By: Tim Lane | For the Lansing State Journal

Around the time that Okemos artist Sue Long began to seriously consider the idea of setting clay aside for another medium, she took an art class with Williamston sculptor Mark Chatterly who challenged her to seriously consider what she wanted to do or say as an artist. Taking the focus off of the medium, Chatterly encouraged Long to focus on herself.

"I knew that I wanted to have a show with an impact," she recalls.

The result is Long's new show, The Penis Project, opening Sunday at Creole Gallery.

"The show is not about sex," she says.

For Long, the idea for the show came together after watching "The Last Tango in Paris," a film in which the aspect of male nudity is glaringly absent while full frontal female nudity is openly depicted.

Long asked herself why women's bodies are often exploited in the media, and in film, in a way that men's seldom are, "even when it's appropriate," she said.

Long said she hopes her show helps open a dialogue about the exploitation of women.

The Penis Project is an attempt to create an opportunity for gallery viewers to experience what it's like to have the male genital area be the focal point of the culture, instead of the female, if only for a moment.

"It's not an attack, or mean-spirited," Long says.

Rather, it's an attempt to help everyone understand how it feels to be a woman living in a culture primarily inundated with feminine sexual imagery on a daily business.

It is also an attempt to help create a balance in a culture that exists in extremes.

"What's so sacred about the penis? Why do we keep it so hidden?" Long asked.

Long said she hopes by exposing an object - in this case, a part of the male anatomy - a kind of demystification can occur that allows for a balance in the presentation of male and female nudity within the culture.
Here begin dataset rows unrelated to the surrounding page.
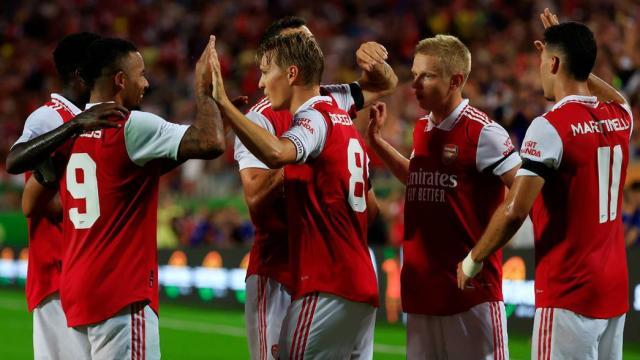 Arsenal-team-celebration.jpg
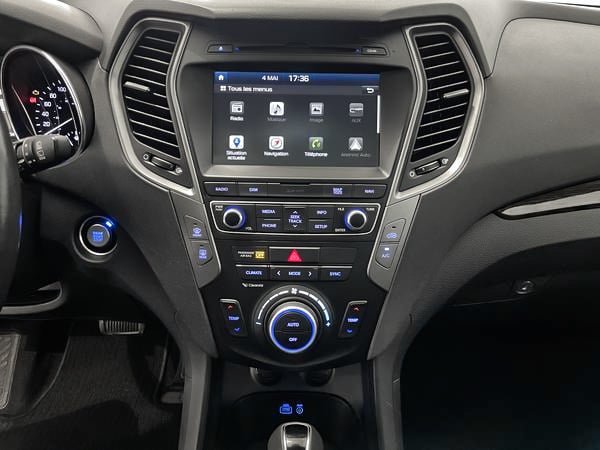 2017 Hyundai Santa Fe Sport LIMITED AWD-18
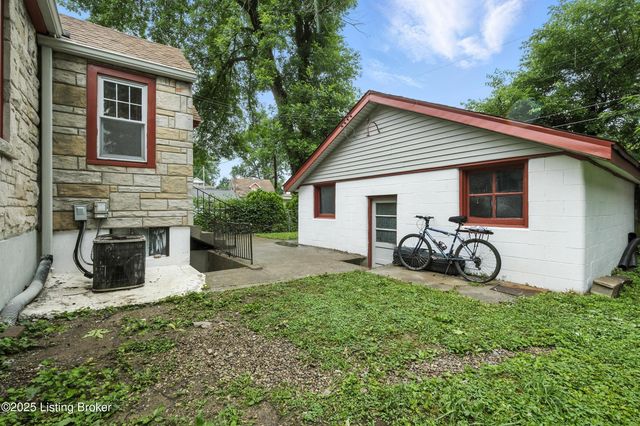 4513 Jewell Ave, Louisville, KY 40212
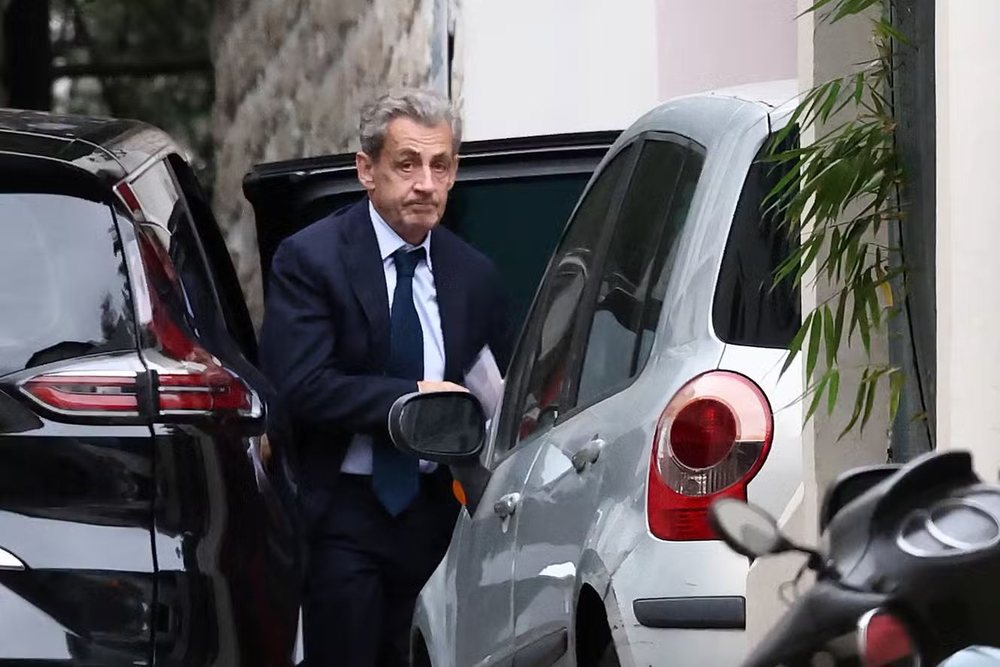Nicolas Sarkozy begins five-year prison sentence for illegal presidential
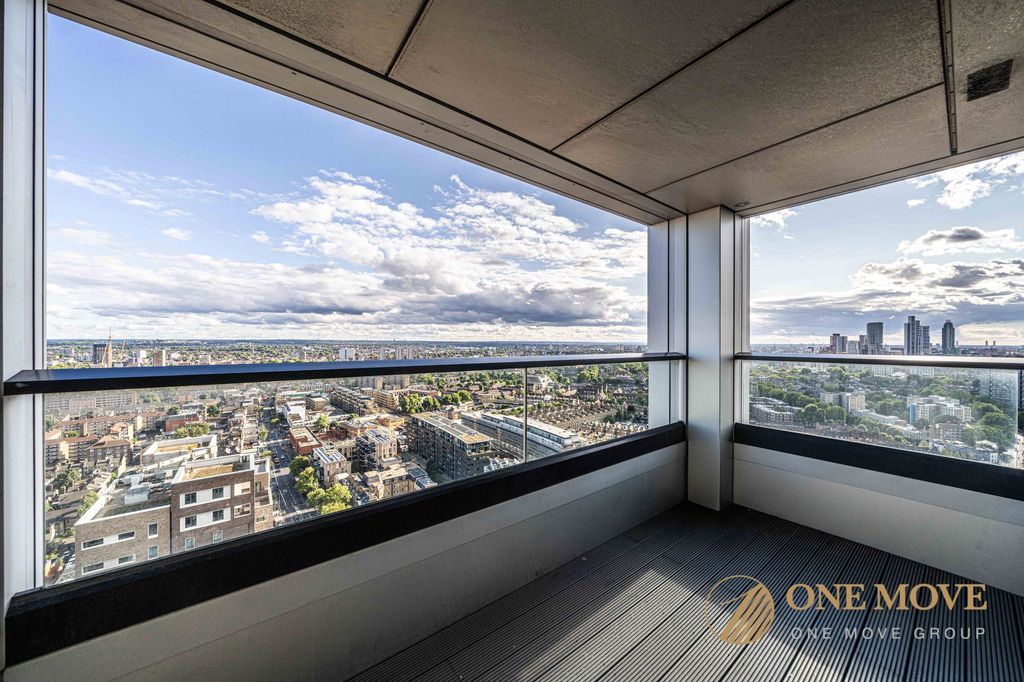 Property photo 1 of 36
Or that we can at least begin to openly talk about the differing ways in which men and women are depicted in the media.

"When you expose an object, it loses its power," Long says.

The Penis Project is a thought-provoking show which should prove to be the starting point for many thoughts and discussions within the Lansing area's art community.

Creole Gallery - a beautifully renovated building owned and operated by Robert Busby - began as a cigar company in the late 1800s.

Today, as a full-service art, performance and rental space, it continues to provide Old Town with a fine commodity.

The gallery's calendar includes an array of music, theater and art.